§ THE DATA
■ ■ ■ ■ ■

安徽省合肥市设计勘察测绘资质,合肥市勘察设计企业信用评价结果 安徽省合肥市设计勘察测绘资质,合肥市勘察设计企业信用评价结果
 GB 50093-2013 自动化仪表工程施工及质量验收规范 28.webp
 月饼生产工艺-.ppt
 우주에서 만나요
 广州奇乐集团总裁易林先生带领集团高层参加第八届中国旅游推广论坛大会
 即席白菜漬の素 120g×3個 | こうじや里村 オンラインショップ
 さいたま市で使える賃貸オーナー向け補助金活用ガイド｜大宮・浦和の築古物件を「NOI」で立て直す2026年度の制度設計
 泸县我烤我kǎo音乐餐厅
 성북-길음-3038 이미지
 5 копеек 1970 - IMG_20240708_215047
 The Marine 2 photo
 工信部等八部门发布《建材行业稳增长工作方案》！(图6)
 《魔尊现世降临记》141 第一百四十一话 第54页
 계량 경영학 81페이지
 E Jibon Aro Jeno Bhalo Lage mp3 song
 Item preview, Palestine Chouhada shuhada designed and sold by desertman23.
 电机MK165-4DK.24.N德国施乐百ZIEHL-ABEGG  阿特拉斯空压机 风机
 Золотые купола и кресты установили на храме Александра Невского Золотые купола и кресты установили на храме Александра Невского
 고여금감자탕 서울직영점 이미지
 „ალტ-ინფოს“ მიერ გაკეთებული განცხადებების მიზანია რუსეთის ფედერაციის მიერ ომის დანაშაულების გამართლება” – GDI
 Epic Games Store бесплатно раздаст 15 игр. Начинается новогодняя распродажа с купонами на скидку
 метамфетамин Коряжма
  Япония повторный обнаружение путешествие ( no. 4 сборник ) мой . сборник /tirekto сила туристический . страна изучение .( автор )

■ ■ ■ ■ ■

§ REQUIRED ACTION
Referring to the material above, set down exactly the lines between the line with "泸县我烤我kǎo音乐餐厅" and the line with "고여금감자탕 서울직영점 이미지", inclusive, and no other lines.

§ ANSWER SECTION
 泸县我烤我kǎo音乐餐厅
 성북-길음-3038 이미지
 5 копеек 1970 - IMG_20240708_215047
 The Marine 2 photo
 工信部等八部门发布《建材行业稳增长工作方案》！(图6)
 《魔尊现世降临记》141 第一百四十一话 第54页
 계량 경영학 81페이지
 E Jibon Aro Jeno Bhalo Lage mp3 song
 Item preview, Palestine Chouhada shuhada designed and sold by desertman23.
 电机MK165-4DK.24.N德国施乐百ZIEHL-ABEGG  阿特拉斯空压机 风机
 Золотые купола и кресты установили на храме Александра Невского Золотые купола и кресты установили на храме Александра Невского
 고여금감자탕 서울직영점 이미지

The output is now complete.